Problem description
Which lines run from the one containing "POSHI Business Watch" through the end of the data? Write them out exactly, with the pictures left out.

Data
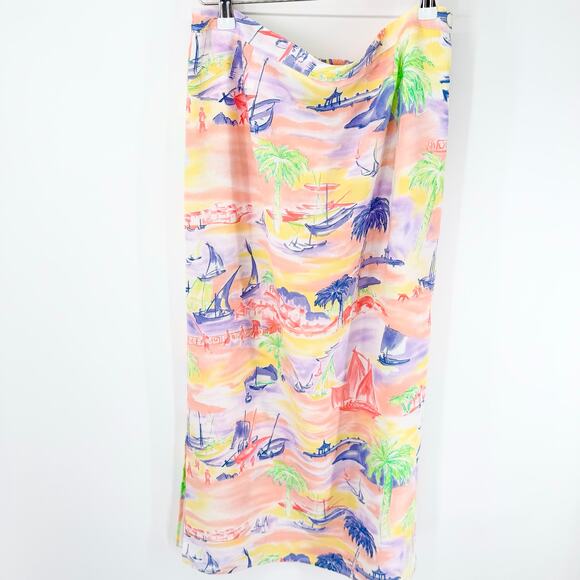 Bushwacker Dresses & Skirts - Vtg Bushwacker Brisas Island Watercolor Scenic Maxi Skirt Sz 12 Tropical Lined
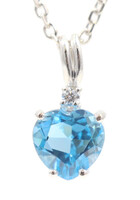 Heart Cut Blue Topaz & White Sapphire 14KT Pendant on 14KT Gold Chain 18.5"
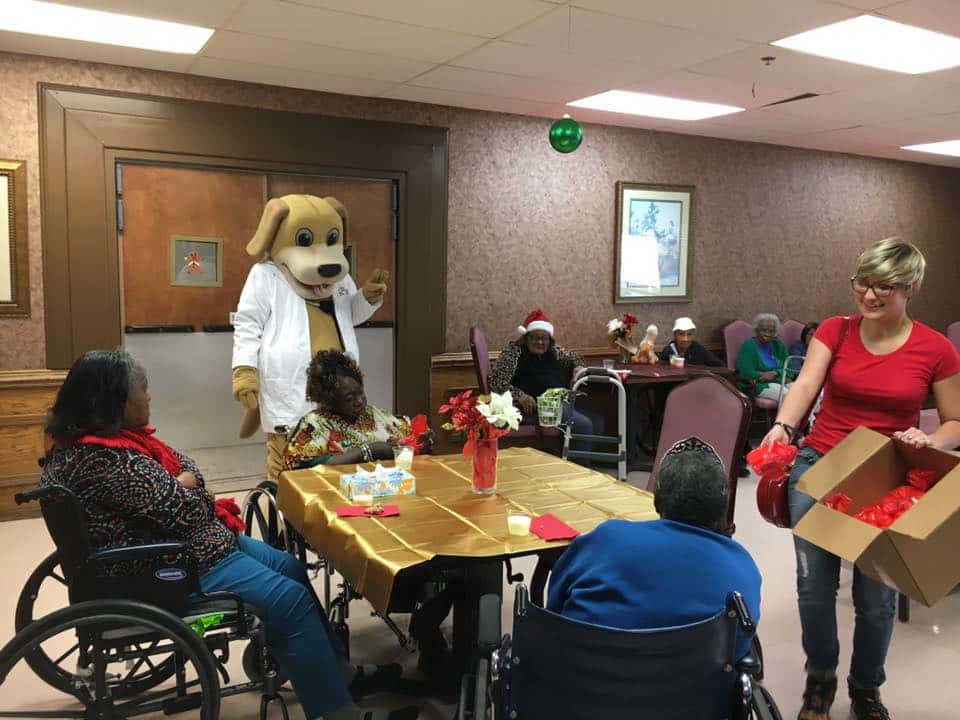 It's the most wonderful time of the year at mainstreet eufaula mainstreet mascot at crowne healthcare senior citizens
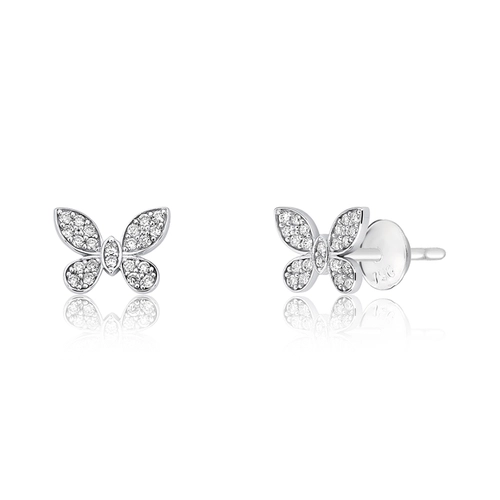 Brinco The Icons Stud ouro branco 18k borboleta cravejada de Diamantes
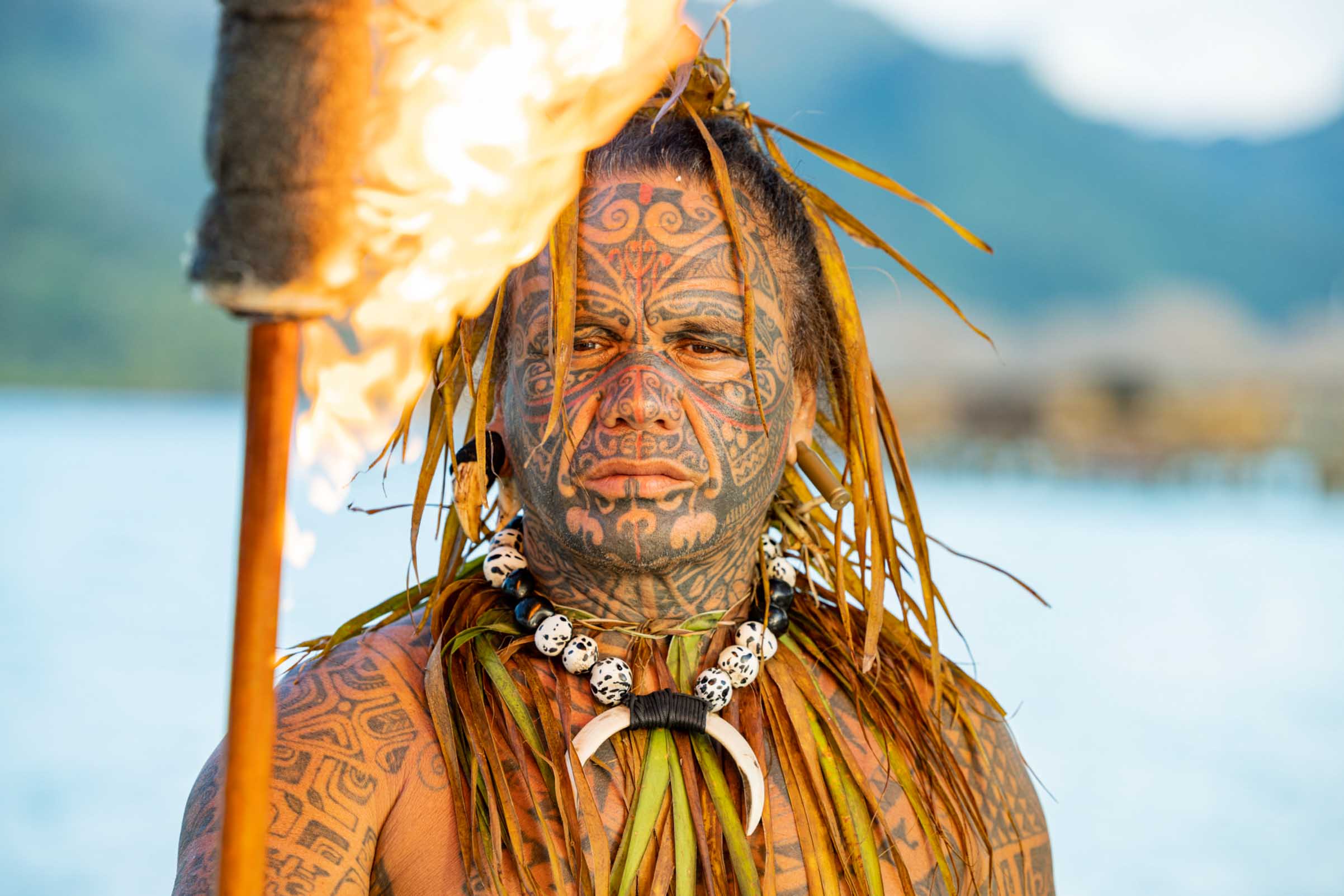 Man with tahitian tattos on his face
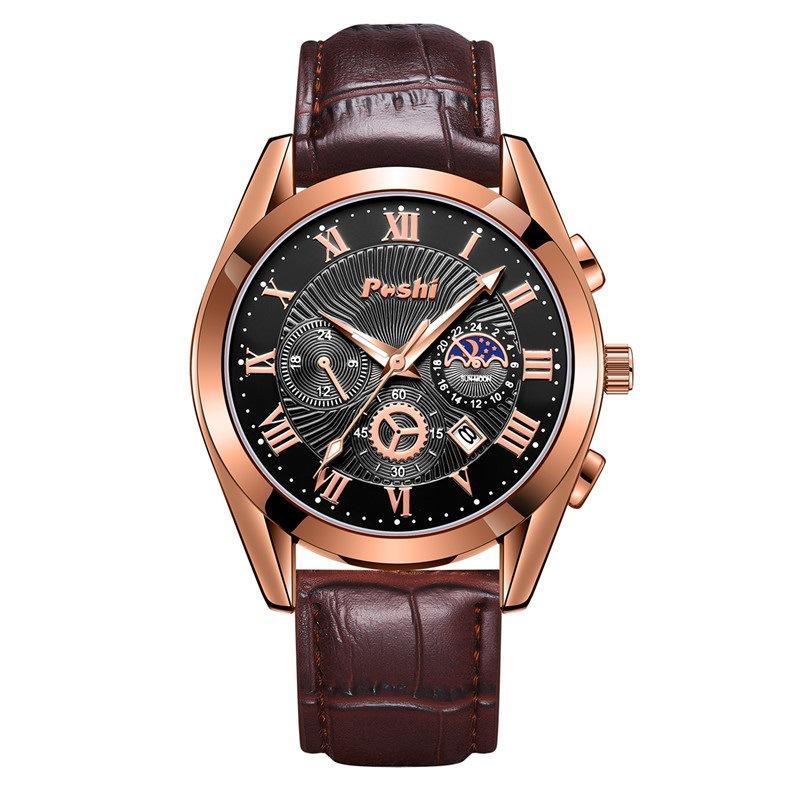 POSHI Business Watch Middle School Waterproof Sports Electronic Watch Luminous Simple Fashion Men's Watch Quartz Watch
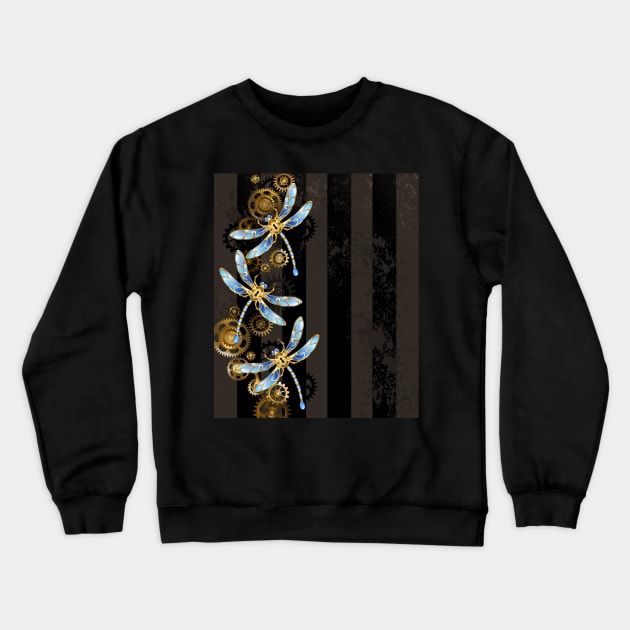 Design with Mechanical Dragonflies ( Steampunk ) Crewneck Sweatshirt by Blackmoon9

Output of the exercise
 POSHI Business Watch Middle School Waterproof Sports Electronic Watch Luminous Simple Fashion Men's Watch Quartz Watch
 Design with Mechanical Dragonflies ( Steampunk ) Crewneck Sweatshirt by Blackmoon9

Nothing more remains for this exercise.